▶ TRY IT: Copying rule for the data below: take the line containing "Hey guys, welcome" and every line after it to the end, exactly, and drop all pictures.
*** Opening of LISTED ENTRIES ***
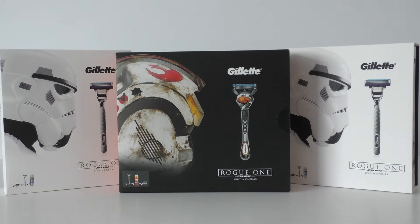I absolutely love these and I hope Gillette carry on the brand association well into Episode 8 — it would be so cool to see what they do. There are so many more pilot helmets and Stormtrooper helmets they could be doing. I know that sounds greedy, but I really do want more of these.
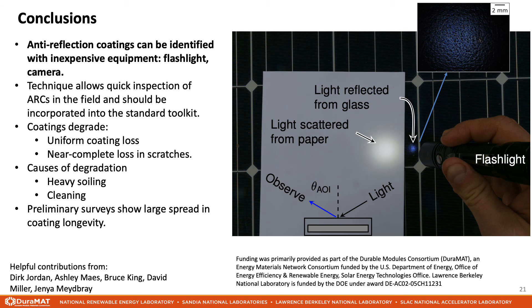So we've covered a lot of topics on anti-reflection coatings. First, anti-reflection coatings can be identified with inexpensive equipment — just a flashlight and the human eye or a camera. They are identified by a blue reflection at near-normal angle of incidence. This technique should gain widespread use for field inspection of PV modules since it is very easy to perform and doesn't require specialized equipment. Using these techniques, we've found that coatings degrade in several ways: typically a combination of uniform coating thickness loss and deep scratches with very high coating loss. In preliminary studies, we've identified several causes of coating degradation, particularly heavy soiling at the bottom edge of modules and cleaning dirt off the modules. We've found a widespread coating longevity depending on the type of coating and the module weathering history. Thanks for listening and please contact me if you have any questions.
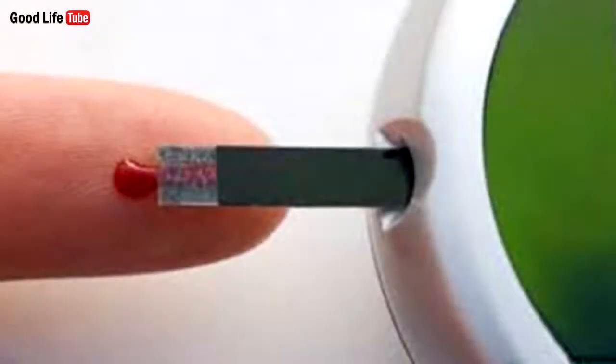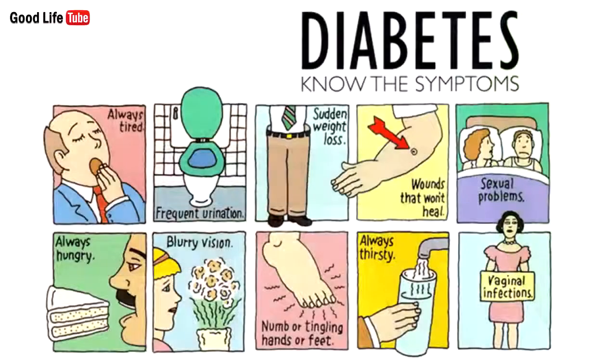Nowadays, numerous people around the world suffer from diabetes. This common health condition is a result of the stopped production of insulin by the pancreas, or due to the improper use of the produced insulin, which increases the blood sugar levels.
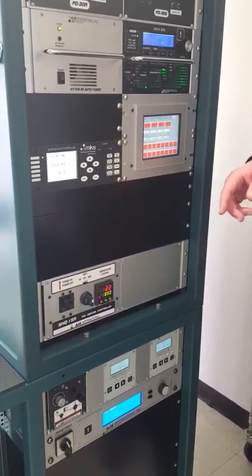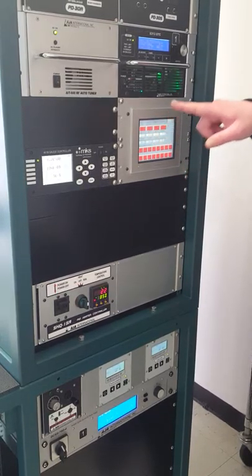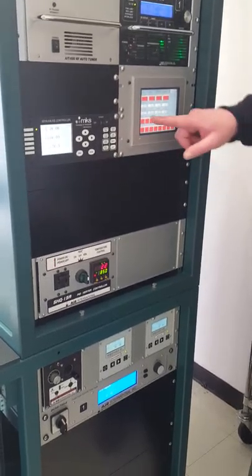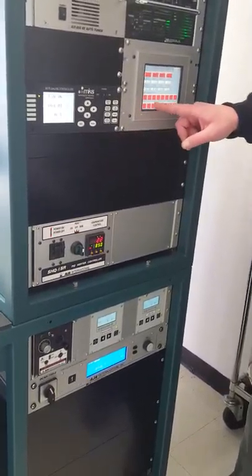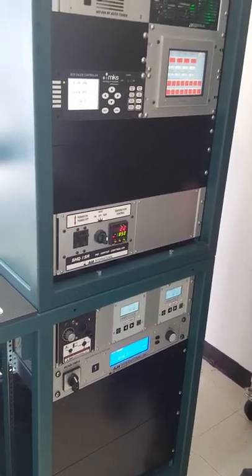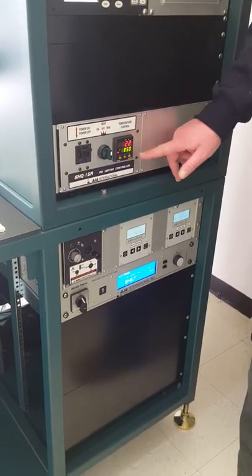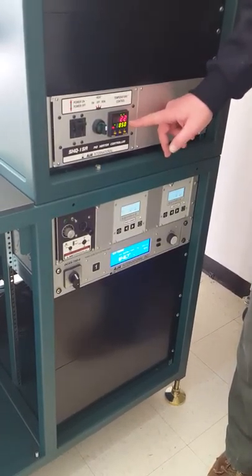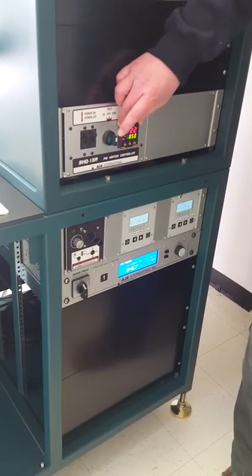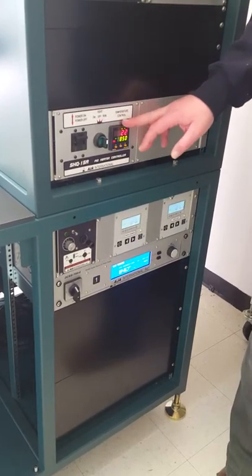The touch screen is used for controlling the pneumatics. We can set our gas flow here and open up the isolation valve. It also controls all the shutters on the sputter guns, and there are extra buttons if you add anything to the system. It also has the heater controller — controlling the lamps, the power supply portion, and the PID control portion for stabilizing the temperature.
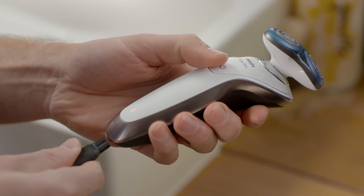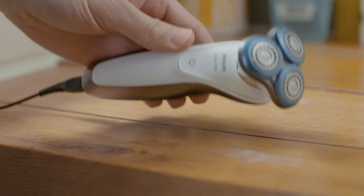I can charge for a single shave, or plug it in to charge completely. It's brilliantly convenient.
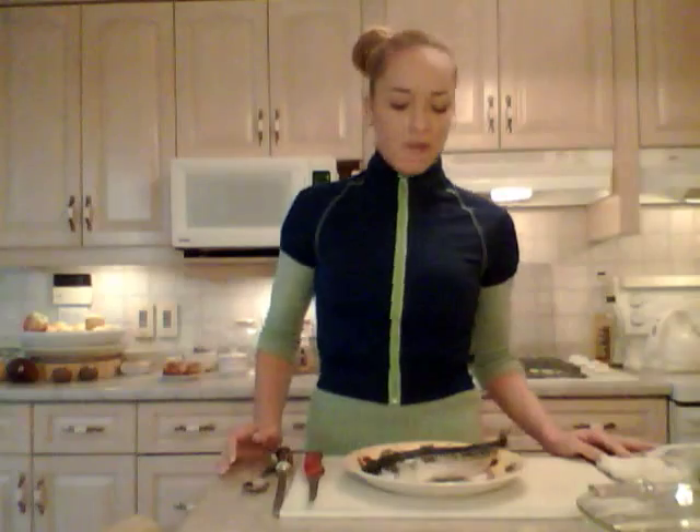Good afternoon everybody. I'm Kimberly Edwards with cookingwithkimberly.com. Today I'm going to show you a little bit of a fussy thing — something I haven't done for you guys yet on camera, something I don't necessarily enjoy doing, but you have to do sometimes.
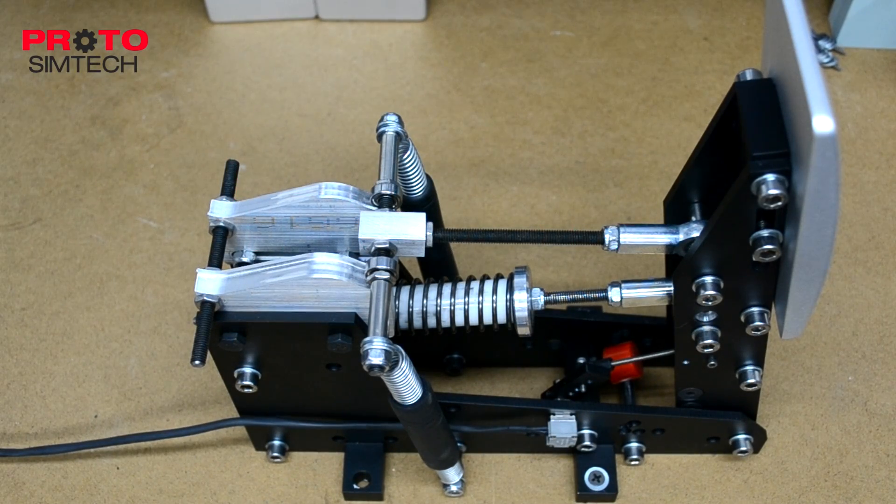Hey guys, welcome back. Today I wanted to show you this new clutch mechanism and give you a video demonstration of how it works, but before we get to that I wanted to say a couple of things.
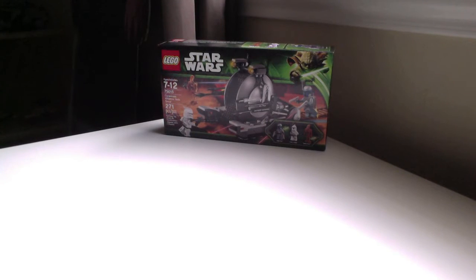Hey guys, it's me Hudson and today I'm doing a speed build on the Corporate Alliance Tank Droid, so let's get started.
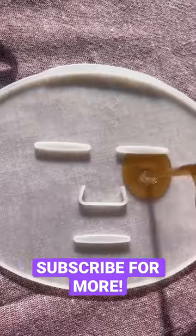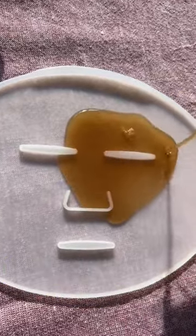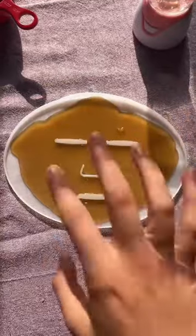We're going to stop it and dump it in the mold. We're going to let it sit and then we're going to try it.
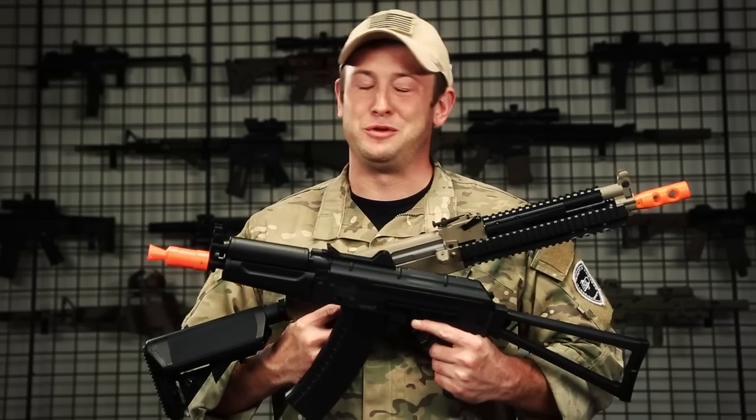Hi GITV, Bob the Axeman Hildebrand here. You might be wondering why I'm holding two different AKs, but you know me well enough you wouldn't ask that question. Today we're going to be doing a quick overview on Lancer Tactical AKs.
*** Close of LISTED ENTRIES ***
▶ RESPONSE TO THIS TASK:
Hey guys, welcome back. Today I wanted to show you this new clutch mechanism and give you a video demonstration of how it works, but before we get to that I wanted to say a couple of things.
Hey guys, it's me Hudson and today I'm doing a speed build on the Corporate Alliance Tank Droid, so let's get started.
We're going to stop it and dump it in the mold. We're going to let it sit and then we're going to try it.
Hi GITV, Bob the Axeman Hildebrand here. You might be wondering why I'm holding two different AKs, but you know me well enough you wouldn't ask that question. Today we're going to be doing a quick overview on Lancer Tactical AKs.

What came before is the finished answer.